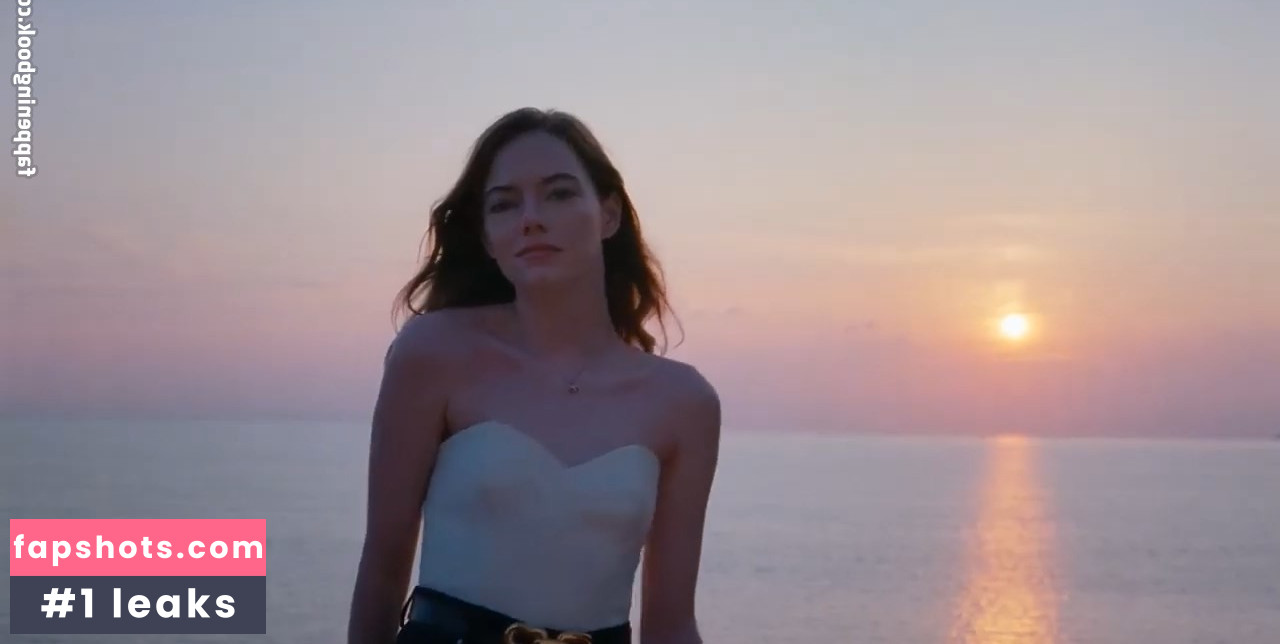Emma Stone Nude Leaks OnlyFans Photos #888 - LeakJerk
--
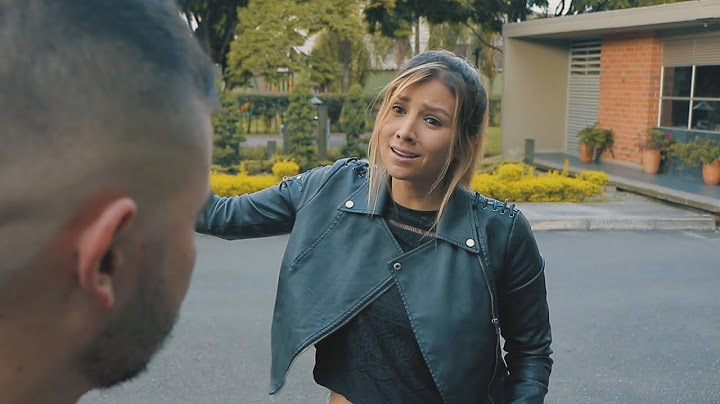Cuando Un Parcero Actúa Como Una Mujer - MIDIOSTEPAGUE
...
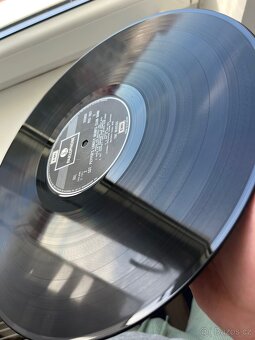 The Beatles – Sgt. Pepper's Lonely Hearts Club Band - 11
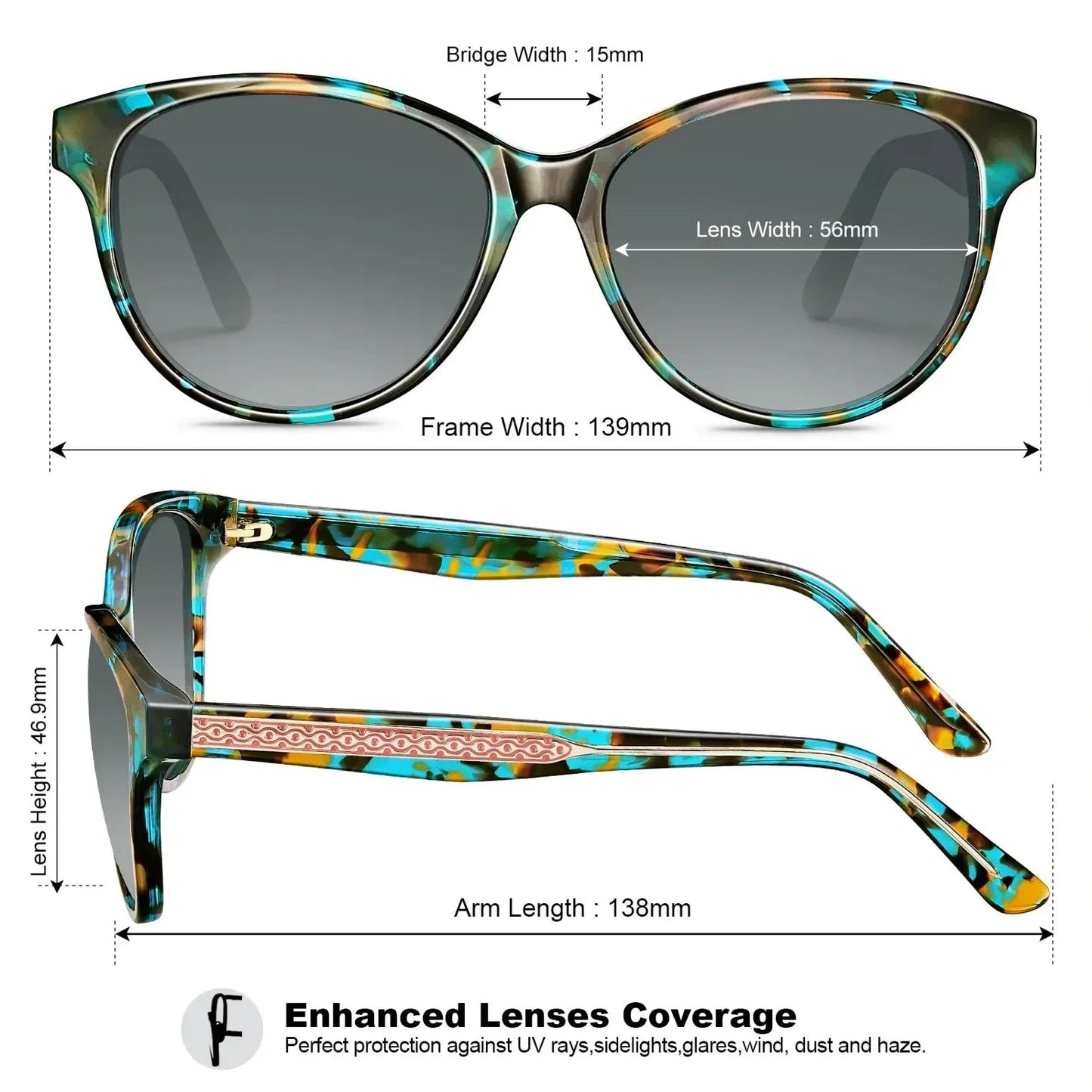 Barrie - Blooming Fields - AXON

HOW TO COMPLETE THIS TASK —
Your answer should consist of the lines above between those holding "The Beatles –" and "Barrie - Blooming Fields - AXON", inclusive, reproduced word for word and without pictures.

RESPONSE TO THIS EXERCISE —
 The Beatles – Sgt. Pepper's Lonely Hearts Club Band - 11
 Barrie - Blooming Fields - AXON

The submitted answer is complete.